エネ基本計画見直し開始 成長戦略とも連携 経産政務三役も初会合に出席

経済産業省の総合資源エネルギー調査会・基本計画委員会(委員長=黒田昌裕・東北公益文化大学学長)は9日、エネルギー基本計画見直しに向け、審議を開始した(=写真)。07年の改定以来、3年ぶり。
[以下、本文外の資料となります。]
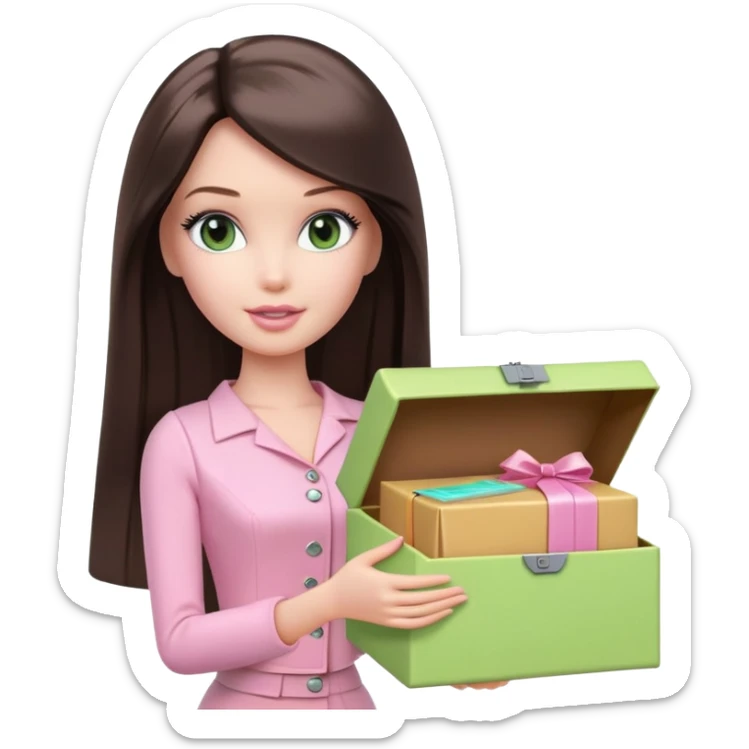A white Barbie girl with long dark brown straight hair in pale pink clothes holds pale green box sticker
2030年を視野に入れたエネルギー政策の方向性を示すものとして、5、6月頃の取りまとめを目指す。

今回、二度目の見直しとなる同計画は、エネルギー需給に関する施策の長期的、総合的、計画的な推進を図るための基本的な計画として、成長戦略、地球温暖化対策とも連携させた今後の資源エネルギー政策に反映していく。

初会合には、直嶋正行大臣ら政務三役も出席、直嶋大臣は、今回のエネルギー基本計画改定に際しての3つの観点「安定供給の確保」、「環境への適合」、「効率性の確保」を強調した上で、「わが国の成長戦略の中核」として、大胆な見直しがなされるよう、活発な討論を委員らに期待した。

審議開始に当たり、資源エネルギー庁が、「エネルギー政策の中長期的な方向性」、「エネルギー需給構造改革を通じた産業・社会構造の転換」、「経済成長の誘発」を検討の視点に掲げた上、昨今のエネルギー政策を巡る国内外の情勢と課題を整理・説明、経済成長と地球温暖化とエネルギーセキュリティのトリレンマを示し、解決に向けた制約条件、社会的要請の高まりなどを述べた。

これらに対し、委員からは、原子力発電・核燃料サイクルに関し、「発電量比率は40%ではなく50%、稼働率は80%ではなく90%へ」(内藤正久・日本エネルギー経済研究所理事長)などと、積極的推進を求める意見の一方、「地元に対する安全の理解を」(橋本昌・茨城県知事)、「高レベル放射性廃棄物処分問題も含め、エネルギー政策全般について市民社会が学べるように」(ジャーナリスト・崎田裕子氏)との声もあった。

なお、今回のエネルギー基本計画見直しに際し、今月28日まで一般からの意見募集も開始されている。